PyPI package: [speechjailbreaker](https://pypi.org/project/speechjailbreaker/)

After installing from PyPI, you can use the Python API directly:

```python
from speechjailbreaker import run_attack, AttackConfig

config = AttackConfig(
    attack="ica",
    model_path="Qwen/Qwen2-Audio-7B-Instruct",
    defence="smoothllm",
    evaluation="strongreject",
    num_tasks=2,
)
exit_code = run_attack(config)
print("Exit code:", exit_code)
```

### Option B) Install from source (recommended for development)

### 1) Clone

```bash
git clone https://github.com/NWULIST/SpeechJailbreaker.git
cd SpeechJailbreaker
```

### 2) Create environment

```bash
conda env create -f environment.yml
conda activate xllm_env
```

If `vllm` is not included by your environment file, install it manually:

```bash
pip install vllm
```

### 3) Install package in editable mode

```bash
pip install -e .
```

## Quick Start

List supported attacks/defenses:

```bash
python Scripts/run_interface.py --list-attacks
python Scripts/run_interface.py --list-defenses
```

Run an attack:

```bash
python Scripts/run_interface.py \
  --attack ica \
  --model_path Qwen/Qwen2-Audio-7B-Instruct \
  --defence smoothllm \
  --evaluation strongreject \
  --num_tasks 2
```

### Common arguments

- `--attack`: attack method name (required unless listing)
- `--model_path`: HuggingFace/local model path
- `--defence`: defense method (default: `None`)
- `--evaluation`: `default` or `strongreject`
- `--num_tasks`: number of tasks to run
- `--batch_size`: batch size per run
- `--guard`: guard model path (if needed by defense)
- `--seed`: random seed for reproducibility
- `--few_shot_num`: few-shot examples (`ica` only)

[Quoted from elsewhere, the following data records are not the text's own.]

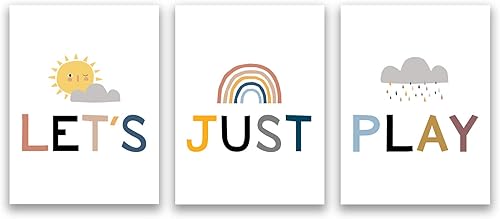 Letrero de sala de juegos, decoración de pared de sala de juegos, letrero de juego para pared de sala de juegos, arte de pared de sala de juegos,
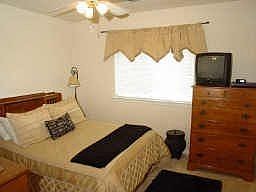 5th image of 6810 Mason Creek Ct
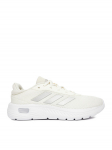 adidas Tossud Cloudfoam Comfy JH6830 Ekr&uuml;&uuml;v&auml;rv 6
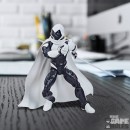 Marvel Legends Series - Moon Knight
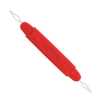 15011 N Enhebrador doble 0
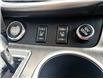 2016 Nissan Murano SL (Stk: J25033-1) in Brandon - Image 17 of 24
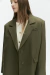 Blazer tom - comprar online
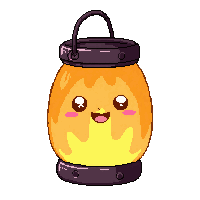 stickersearch 13216 lantern2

## Running Specific Scripts

You can call attack-specific shell runners directly, for example:

```bash
bash Scripts/run_GCG.sh
```

Other attack scripts follow the same pattern in `Scripts/` (for example `run_ICA.sh`, `run_SURE.sh`, `run_PAIR.sh`, etc.).

## Datasets

Example datasets shipped with the repository include:
- `Dataset/harmful.csv`
- `Dataset/harmful_targets.csv`
- `Dataset/Advbench.csv`

## Results and Logs

- Intermediate and final outputs are typically written under `Logs/` and/or `Results/`, depending on the script.
- For reproducibility, store the command, model version, defense setting, and random seed for each run.

## License

This project is licensed under the MIT License. See `LICENSE`.

## Disclaimer

This project is intended strictly for safety research and red-teaming evaluation. Do not use it for malicious activity or to attack production systems.